- Date: 13 – 19 January
- Edition: 13th
- Surface: Hard
- Location: Nonthaburi, Thailand

Champions

Singles
- Brandon Holt

Doubles
- Ray Ho / Neil Oberleitner
| Nonthaburi Challenger |

= 2025 Nonthaburi Challenger III =

The 2025 Nonthaburi Challenger III was a professional tennis tournament played on hard courts. It was the 13th edition of the tournament which was part of the 2025 ATP Challenger Tour. It took place in Nonthaburi, Thailand from 13 to 19 January 2025.

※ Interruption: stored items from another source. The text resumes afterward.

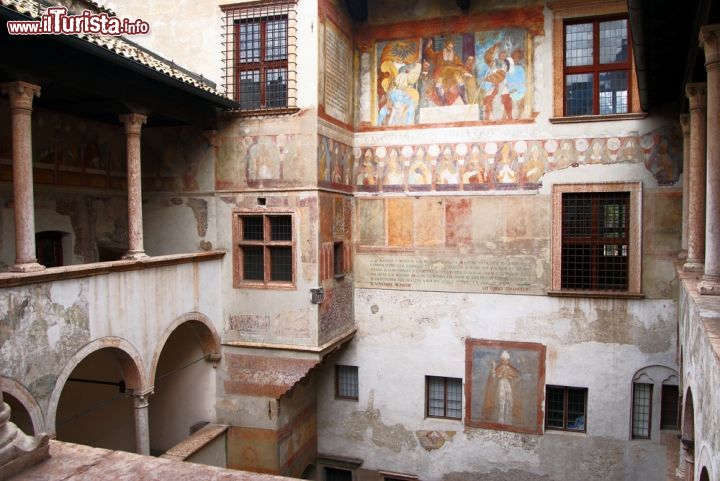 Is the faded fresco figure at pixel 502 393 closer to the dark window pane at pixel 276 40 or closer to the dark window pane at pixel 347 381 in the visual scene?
the dark window pane at pixel 347 381

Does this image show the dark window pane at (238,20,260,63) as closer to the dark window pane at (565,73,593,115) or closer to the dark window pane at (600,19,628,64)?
the dark window pane at (565,73,593,115)

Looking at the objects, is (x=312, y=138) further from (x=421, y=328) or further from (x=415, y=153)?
(x=421, y=328)

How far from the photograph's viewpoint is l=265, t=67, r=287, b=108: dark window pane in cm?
1093

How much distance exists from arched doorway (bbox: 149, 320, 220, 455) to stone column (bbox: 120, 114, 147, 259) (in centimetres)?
226

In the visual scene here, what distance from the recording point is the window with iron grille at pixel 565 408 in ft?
37.3

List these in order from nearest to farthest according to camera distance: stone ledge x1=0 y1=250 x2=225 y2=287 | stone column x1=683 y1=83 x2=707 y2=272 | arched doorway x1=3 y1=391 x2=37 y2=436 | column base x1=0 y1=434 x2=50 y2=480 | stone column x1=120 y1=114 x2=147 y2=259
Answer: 1. column base x1=0 y1=434 x2=50 y2=480
2. stone ledge x1=0 y1=250 x2=225 y2=287
3. arched doorway x1=3 y1=391 x2=37 y2=436
4. stone column x1=683 y1=83 x2=707 y2=272
5. stone column x1=120 y1=114 x2=147 y2=259

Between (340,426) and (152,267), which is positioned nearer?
(152,267)

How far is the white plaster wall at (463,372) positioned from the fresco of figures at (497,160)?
235 centimetres

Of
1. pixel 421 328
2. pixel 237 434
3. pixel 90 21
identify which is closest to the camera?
pixel 90 21

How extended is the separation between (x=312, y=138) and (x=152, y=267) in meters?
3.73

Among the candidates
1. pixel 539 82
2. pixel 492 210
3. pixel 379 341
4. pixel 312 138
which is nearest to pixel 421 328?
pixel 379 341

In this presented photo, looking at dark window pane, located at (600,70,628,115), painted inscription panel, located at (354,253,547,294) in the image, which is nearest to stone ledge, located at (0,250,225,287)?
painted inscription panel, located at (354,253,547,294)

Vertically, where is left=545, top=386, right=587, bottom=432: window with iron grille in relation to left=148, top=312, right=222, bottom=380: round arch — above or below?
below

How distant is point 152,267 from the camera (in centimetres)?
916
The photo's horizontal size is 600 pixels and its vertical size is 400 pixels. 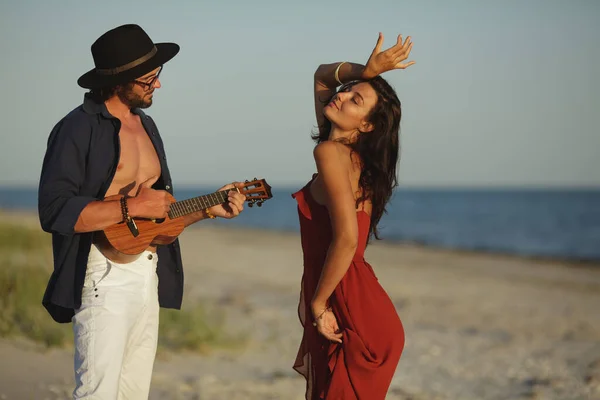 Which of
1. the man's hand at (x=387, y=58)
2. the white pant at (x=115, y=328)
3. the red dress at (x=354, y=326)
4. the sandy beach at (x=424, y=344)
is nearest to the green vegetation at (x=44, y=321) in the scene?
the sandy beach at (x=424, y=344)

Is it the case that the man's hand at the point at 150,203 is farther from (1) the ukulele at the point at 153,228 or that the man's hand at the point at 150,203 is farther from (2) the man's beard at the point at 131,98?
(2) the man's beard at the point at 131,98

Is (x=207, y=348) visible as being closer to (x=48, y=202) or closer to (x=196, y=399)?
(x=196, y=399)

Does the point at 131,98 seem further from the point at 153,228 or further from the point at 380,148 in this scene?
the point at 380,148

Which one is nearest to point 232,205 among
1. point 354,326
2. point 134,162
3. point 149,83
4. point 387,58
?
point 134,162

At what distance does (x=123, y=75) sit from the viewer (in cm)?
401

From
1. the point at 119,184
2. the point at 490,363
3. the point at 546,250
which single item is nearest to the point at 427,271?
the point at 490,363

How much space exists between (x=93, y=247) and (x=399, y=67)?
165 centimetres

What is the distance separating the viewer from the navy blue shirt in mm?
3701

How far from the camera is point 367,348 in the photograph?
3572 mm

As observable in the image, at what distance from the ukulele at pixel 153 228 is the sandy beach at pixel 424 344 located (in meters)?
2.53

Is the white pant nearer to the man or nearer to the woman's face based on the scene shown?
the man

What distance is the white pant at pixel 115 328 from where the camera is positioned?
12.4 ft

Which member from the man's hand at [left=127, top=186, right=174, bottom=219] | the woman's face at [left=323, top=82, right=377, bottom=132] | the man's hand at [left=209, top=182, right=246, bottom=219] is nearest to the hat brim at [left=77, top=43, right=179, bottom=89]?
the man's hand at [left=127, top=186, right=174, bottom=219]

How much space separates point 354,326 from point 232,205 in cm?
89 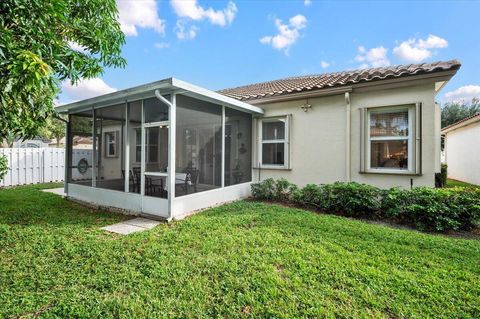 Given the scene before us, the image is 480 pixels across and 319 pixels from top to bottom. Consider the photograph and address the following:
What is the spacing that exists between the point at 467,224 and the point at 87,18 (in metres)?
Result: 9.40

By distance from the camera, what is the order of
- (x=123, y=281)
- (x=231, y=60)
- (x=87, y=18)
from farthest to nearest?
(x=231, y=60)
(x=87, y=18)
(x=123, y=281)

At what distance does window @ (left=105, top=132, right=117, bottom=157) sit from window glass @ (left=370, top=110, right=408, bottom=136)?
7.87 m

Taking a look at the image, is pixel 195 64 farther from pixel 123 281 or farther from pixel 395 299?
pixel 395 299

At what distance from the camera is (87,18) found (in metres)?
4.93

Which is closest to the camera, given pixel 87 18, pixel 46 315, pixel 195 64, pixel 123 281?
pixel 46 315

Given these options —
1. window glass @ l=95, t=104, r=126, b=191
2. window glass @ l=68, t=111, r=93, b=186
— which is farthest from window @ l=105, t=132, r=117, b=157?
window glass @ l=68, t=111, r=93, b=186

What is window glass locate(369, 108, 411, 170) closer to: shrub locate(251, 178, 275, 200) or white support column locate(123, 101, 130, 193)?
shrub locate(251, 178, 275, 200)

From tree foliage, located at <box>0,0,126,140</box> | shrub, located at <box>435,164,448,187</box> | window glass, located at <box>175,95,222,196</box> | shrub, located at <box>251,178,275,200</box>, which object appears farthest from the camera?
shrub, located at <box>435,164,448,187</box>

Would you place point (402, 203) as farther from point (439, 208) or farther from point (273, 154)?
point (273, 154)

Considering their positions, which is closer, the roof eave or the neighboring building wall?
the roof eave

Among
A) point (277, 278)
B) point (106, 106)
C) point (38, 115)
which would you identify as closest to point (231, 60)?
point (106, 106)

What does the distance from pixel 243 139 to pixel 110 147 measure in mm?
4345

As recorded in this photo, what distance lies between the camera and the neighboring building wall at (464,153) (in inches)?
508

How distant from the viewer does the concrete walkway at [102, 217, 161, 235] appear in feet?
17.0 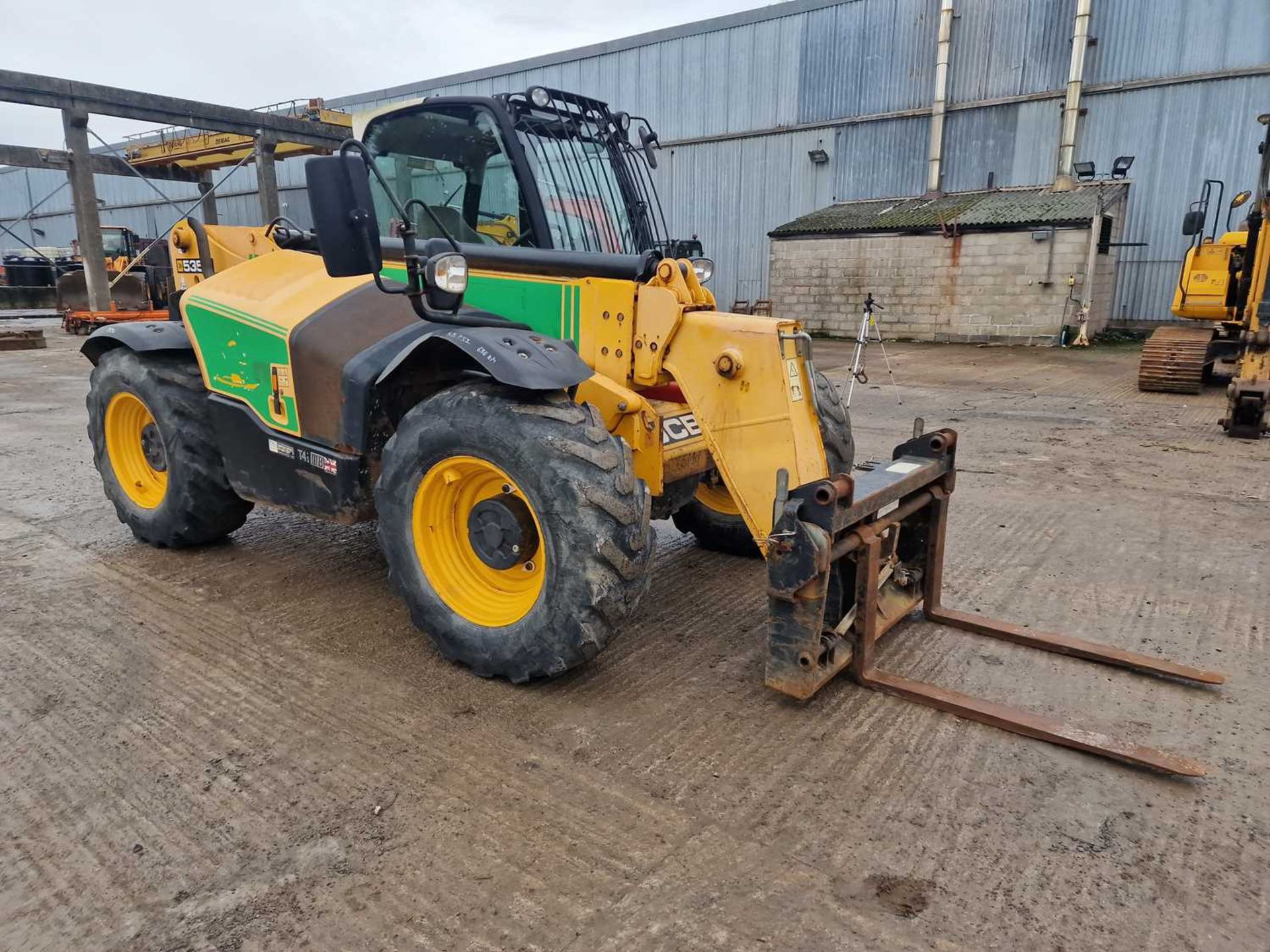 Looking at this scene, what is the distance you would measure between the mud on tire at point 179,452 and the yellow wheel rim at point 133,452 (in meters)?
0.08

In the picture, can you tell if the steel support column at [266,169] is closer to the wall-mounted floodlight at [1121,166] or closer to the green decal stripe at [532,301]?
the wall-mounted floodlight at [1121,166]

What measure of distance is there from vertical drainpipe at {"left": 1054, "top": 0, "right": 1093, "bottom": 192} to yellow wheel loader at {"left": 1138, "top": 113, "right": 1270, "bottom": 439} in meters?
6.60

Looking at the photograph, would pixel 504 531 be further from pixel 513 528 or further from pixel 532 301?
pixel 532 301

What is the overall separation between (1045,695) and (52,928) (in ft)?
10.6

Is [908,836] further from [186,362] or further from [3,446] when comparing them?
[3,446]

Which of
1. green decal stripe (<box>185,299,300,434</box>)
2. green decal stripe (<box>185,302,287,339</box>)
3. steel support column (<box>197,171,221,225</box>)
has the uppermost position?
steel support column (<box>197,171,221,225</box>)

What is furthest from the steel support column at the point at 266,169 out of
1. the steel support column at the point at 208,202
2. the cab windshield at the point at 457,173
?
the cab windshield at the point at 457,173

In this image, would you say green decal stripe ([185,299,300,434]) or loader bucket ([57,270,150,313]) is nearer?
green decal stripe ([185,299,300,434])

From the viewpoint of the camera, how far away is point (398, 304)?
12.7 ft

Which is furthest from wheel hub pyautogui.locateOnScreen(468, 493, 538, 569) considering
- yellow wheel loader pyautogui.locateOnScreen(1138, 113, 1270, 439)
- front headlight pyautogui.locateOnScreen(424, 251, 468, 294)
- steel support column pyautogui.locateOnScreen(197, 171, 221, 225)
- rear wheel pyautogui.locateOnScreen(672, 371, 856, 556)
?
steel support column pyautogui.locateOnScreen(197, 171, 221, 225)

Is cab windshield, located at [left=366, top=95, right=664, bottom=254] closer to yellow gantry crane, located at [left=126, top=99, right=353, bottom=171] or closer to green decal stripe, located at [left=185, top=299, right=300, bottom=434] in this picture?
green decal stripe, located at [left=185, top=299, right=300, bottom=434]

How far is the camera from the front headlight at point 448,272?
125 inches

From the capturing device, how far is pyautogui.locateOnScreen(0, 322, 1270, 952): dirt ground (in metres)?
2.17

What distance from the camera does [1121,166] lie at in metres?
18.6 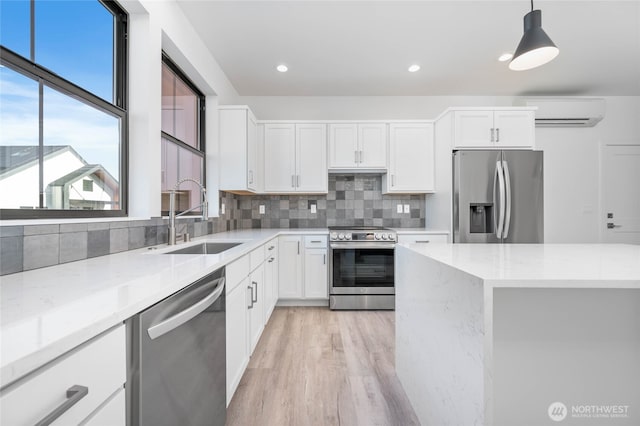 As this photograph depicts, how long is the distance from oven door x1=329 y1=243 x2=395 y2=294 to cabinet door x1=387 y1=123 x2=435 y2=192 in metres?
0.91

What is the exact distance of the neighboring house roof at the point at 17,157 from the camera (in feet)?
3.71

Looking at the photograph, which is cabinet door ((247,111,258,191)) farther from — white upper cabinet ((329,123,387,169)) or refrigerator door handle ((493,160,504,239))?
refrigerator door handle ((493,160,504,239))

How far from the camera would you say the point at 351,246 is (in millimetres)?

==Singles main-draw entrants==
===Seeds===

| Country | Player | Rank^{1} | Seed |
|---|---|---|---|
| CZE | Vít Kopřiva | 125 | 1 |
| FRA | Hugo Grenier | 154 | 2 |
| MON | Valentin Vacherot | 162 | 3 |
| USA | Zachary Svajda | 165 | 4 |
| JPN | Shintaro Mochizuki | 170 | 5 |
| HKG | Coleman Wong | 172 | 6 |
| GER | Henri Squire | 178 | 7 |
| KAZ | Dmitry Popko | 183 | 8 |

- ^{1} Rankings are as of 6 January 2025.

===Other entrants===
The following players received wildcards into the singles main draw:
- THA Thanapet Chanta
- THA Maximus Jones
- THA Wishaya Trongcharoenchaikul

The following players received entry into the singles main draw as alternates:
- ITA Federico Arnaboldi
- JPN Shintaro Mochizuki
- TPE Wu Tung-lin

The following players received entry from the qualifying draw:
- SUI Rémy Bertola
- USA Murphy Cassone
- ITA Francesco Maestrelli
- JPN Rio Noguchi
- CHN Sun Fajing
- FRA Clément Tabur

==Champions==
===Singles===

- USA Brandon Holt def. CZE Vít Kopřiva 6–3, 6–2.

===Doubles===

- TPE Ray Ho / AUT Neil Oberleitner def. THA Pruchya Isaro / CHN Wang Aoran 6–3, 6–4.